====== Exercise input
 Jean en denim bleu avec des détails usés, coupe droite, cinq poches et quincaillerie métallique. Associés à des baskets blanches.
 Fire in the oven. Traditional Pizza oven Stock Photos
============
====== Exercise input
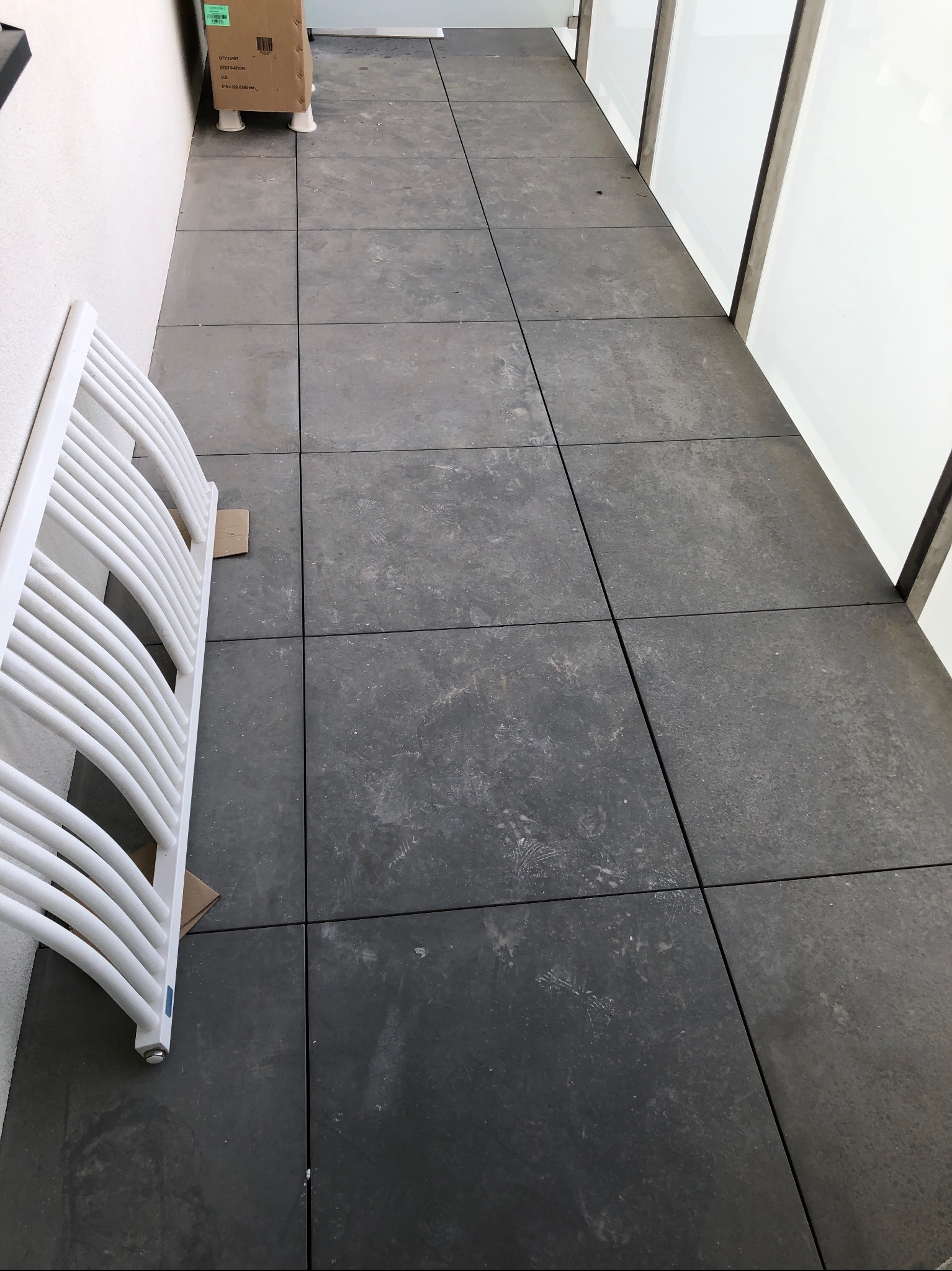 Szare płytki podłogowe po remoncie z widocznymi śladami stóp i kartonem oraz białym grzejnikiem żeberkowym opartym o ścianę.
============
====== Exercise input
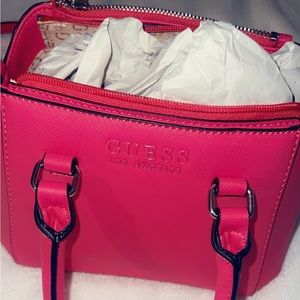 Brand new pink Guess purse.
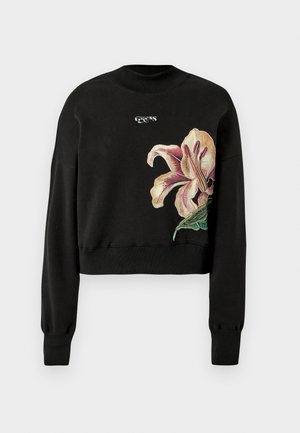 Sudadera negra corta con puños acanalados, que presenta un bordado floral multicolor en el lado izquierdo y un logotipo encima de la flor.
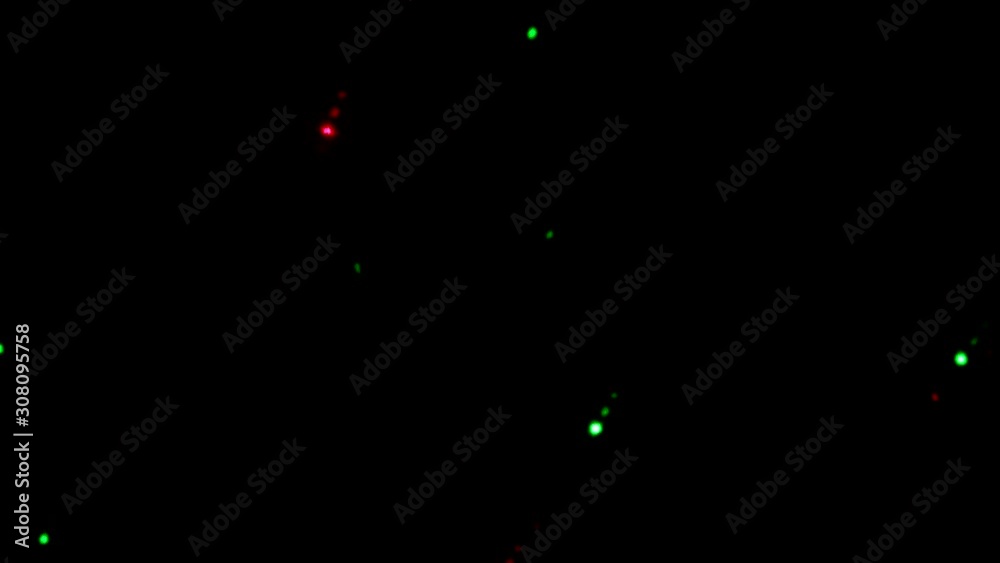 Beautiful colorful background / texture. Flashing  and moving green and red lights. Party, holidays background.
============
Activity: When copying from the data above, print only the lines from the line containing "Brand new pink Guess purse." to the line containing "Beautiful colorful background", exactly, and leave the pictures out.

Your response:
 Brand new pink Guess purse.
 Sudadera negra corta con puños acanalados, que presenta un bordado floral multicolor en el lado izquierdo y un logotipo encima de la flor.
 Beautiful colorful background / texture. Flashing  and moving green and red lights. Party, holidays background.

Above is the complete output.